Il papa che non ti aspetti

Onorio III, Vita di San Francesco, Ciclo di Giotto - Basilica Superiore di Assisi - immagine tratta commons.wikimedia.org

Il pontificato di Francesco, a 5 anni dalla sua elezione, attesta – provo a dire così dopo aver considerato proprio questo uno dei punti di tensione dell’evento in sé straordinario (papa che succede ad altro papa vivente) – il sostanziale superamento del confronto tra anelito di speranza per popoli interi, cui dà risposta l’assunzione di macro-categorie di analisi socioculturale e di riflessione teologica, e la considerazione delle soggettività personali, anzi individuali, quando strettamente riferite al cosiddetto Primo Mondo.

Mentre Francesco papa ha fatto spalancare il cuore alla Chiesa verso il Mondo, sulla scia del Concilio, il Mondo ha preteso, quasi imposto, attenzione non più rinviabile alle questioni dei diritti civili, delle libertà personali, delle più acute sensibilità critiche.

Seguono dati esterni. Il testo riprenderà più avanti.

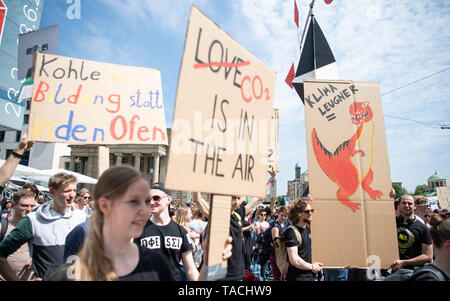 Stuttgart, Germania. 24 Maggio, 2019. Gli studenti dimostrano con manifesti di protesta durante il venerdì per il futuro - clima colpisce per l attuazione del Mondiale di Parigi accordo sul clima. La chiamata per le dimostrazioni è stata fatta anche contro lo sfondo della corrente elezioni europee. Credito: Sebastian Gollnow/dpa/Alamy Live News Foto Stock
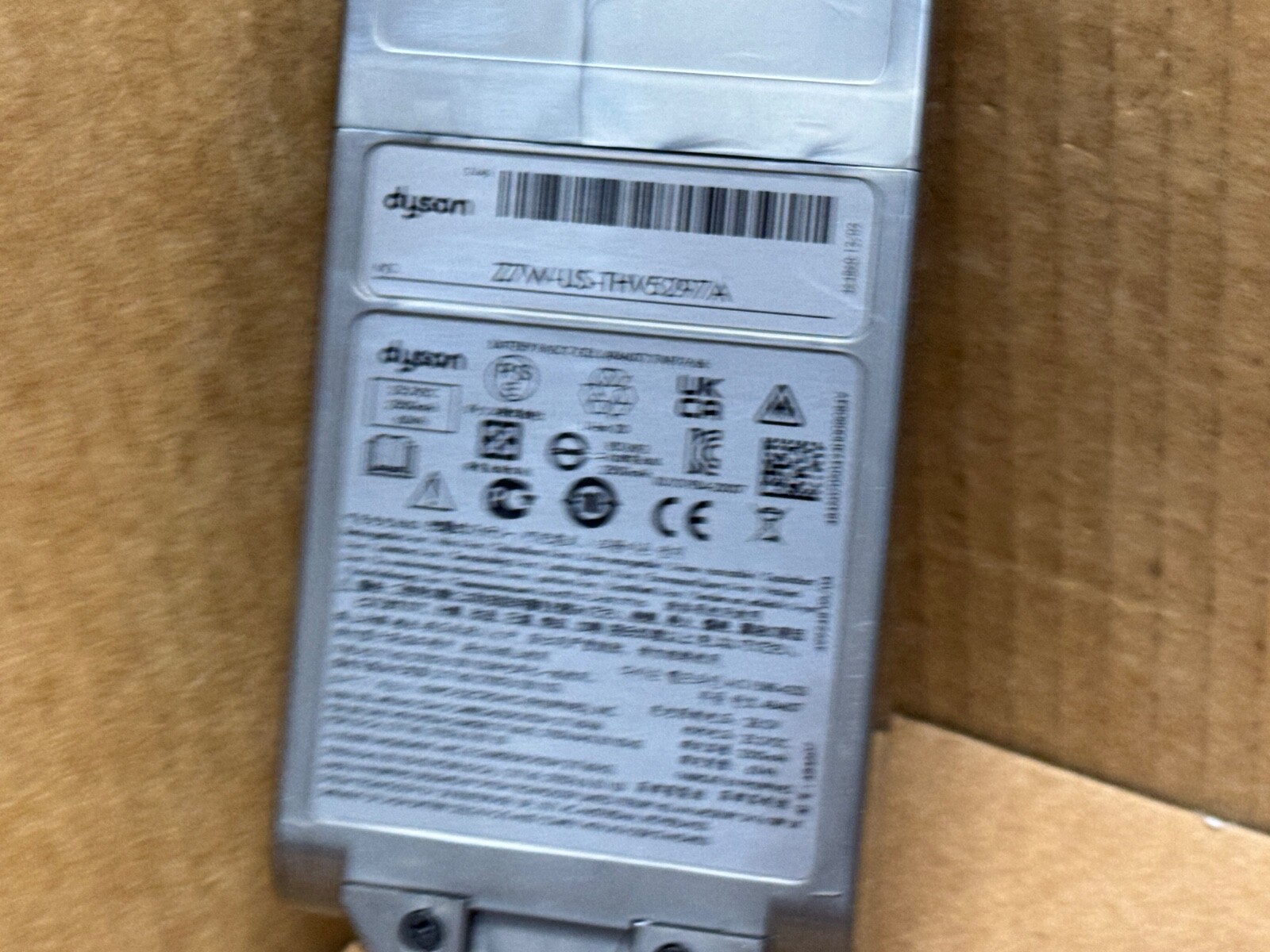 GENUINE DYSON V12 DETECT SLIM SERIES [965470-01] 25.2V CLICK IN [SV46] BATTERY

Come se il pubblico vivesse al Sud del Mondo e della Chiesa ed il privato invece al Nord, dove tuttavia la presenza ecclesiale langue se non è già sparita.

Ciò che sembrava, appunto, una tensione irrisolta e potenzialmente capace di generare lacerazione, o quanto meno di appesantire l’efficacia degli affondi magisteriali di Francesco, oggi appare invece esito di una essenzializzazione della fede.

Sento molto vicino il pensiero di Alberto Melloni su “La Repubblica” di ieri (“La Chiesa capovolta da Francesco”): quello di Francesco è un papato “kerygmatico” in cui saltano molte delle chiavi di lettura solitamente adottate.

Perché Francesco pone, alla Chiesa ed al Mondo, un solo problema: la fede. E però tale annuncio non è clava da far ruotare su reprobi relativismi, o convinzione da far generare per adesione intellettuale, ma è una prassi. Una ortoprassi. Non una ortodossia. Un agire conformemente a.

A cosa?

All’amore del rabbi di Nazaret.

Gli intricatissimi piani di scomposizione e ricomposizione della vicenda papale bergogliana, nei molteplici e dettagliati commenti che si affastellano, a volte evitano di porsi un tema di disarmante semplicità, consistente per appunto nel decidersi davanti all’interrogativo di fede non come faccenda di finale approdo mentale, ma come inquietudine amorosa.

Un altro amore è possibile.

Altro da che?

La logica di non contraddizione ci abita e struttura. E ci fa cercare un’alterità che si definisca per differenza, per contro-relazione. Ma è possibile un’alterità assoluta. Il Totalmente Altro, secondo l’espressione inaugurata da Rudolf Otto quasi esattamente cento anni fa.

Francesco porta nelle mani un Dio amico. Che gioisce, piange, sta a tavola, cerca, si abbassa a lavare i piedi.

Un Dio che, per quanto sembri inconcepibile, è in grado di sbagliarsi ed ammettere i propri errori. Un Dio che ribalta l’immagine di Dio.

Il Papato di questi ultimi cinque anni presenta non solo una Chiesa capovolta, ma pure un Dio rovesciato.

Se è vero che il più grande problema pastorale oggi per la Chiesa è l’immagine di Dio, stringere l’umanità tutta intera di Francesco papa – nella sua dimensione anche meta-verbale e fatta piuttosto di simboli, di gesti, di tagli sulle tele ecclesiali come quelli di Lucio Fontana – fa intuire che no, Dio non è così come ci hanno inculcato, non può essere così.

Non c’è più liberazione da una parte e progressismo dall’altra, secondo il monito di Christian Duquoc che invitava a non sovrapporre le due istanze. Ora c’è necessità assoluta di provare ad amare, come che sia, quale amore che sia, anche clamorosamente sbagliando e forse fallendo. Amore che è in sé politico e personalissimo, senza scissioni e senza distinzioni.

Merita peccare d’amore piuttosto che essere giusti e corretti per algidità.

Importa stringere mani, asciugare lacrime, stringere a sé.

Che sia liberazione benefica dalle proprie paralisi interiori o che sia progresso verso una più matura consapevolezza di cosa resti poi alla fine di tutto, fa lo stesso. Non conta.

Vale sapere, avvertire, che non si è soli, e sole. Che una mano può essere cercata e busserà alla porta la sera, una carezza può essere desiderata e si poggerà sul viso quasi improvvisamente.

Francesco di Assisi come sintesi di umanità diversa.

Finalmente anche a Roma, presso il suo Vescovo.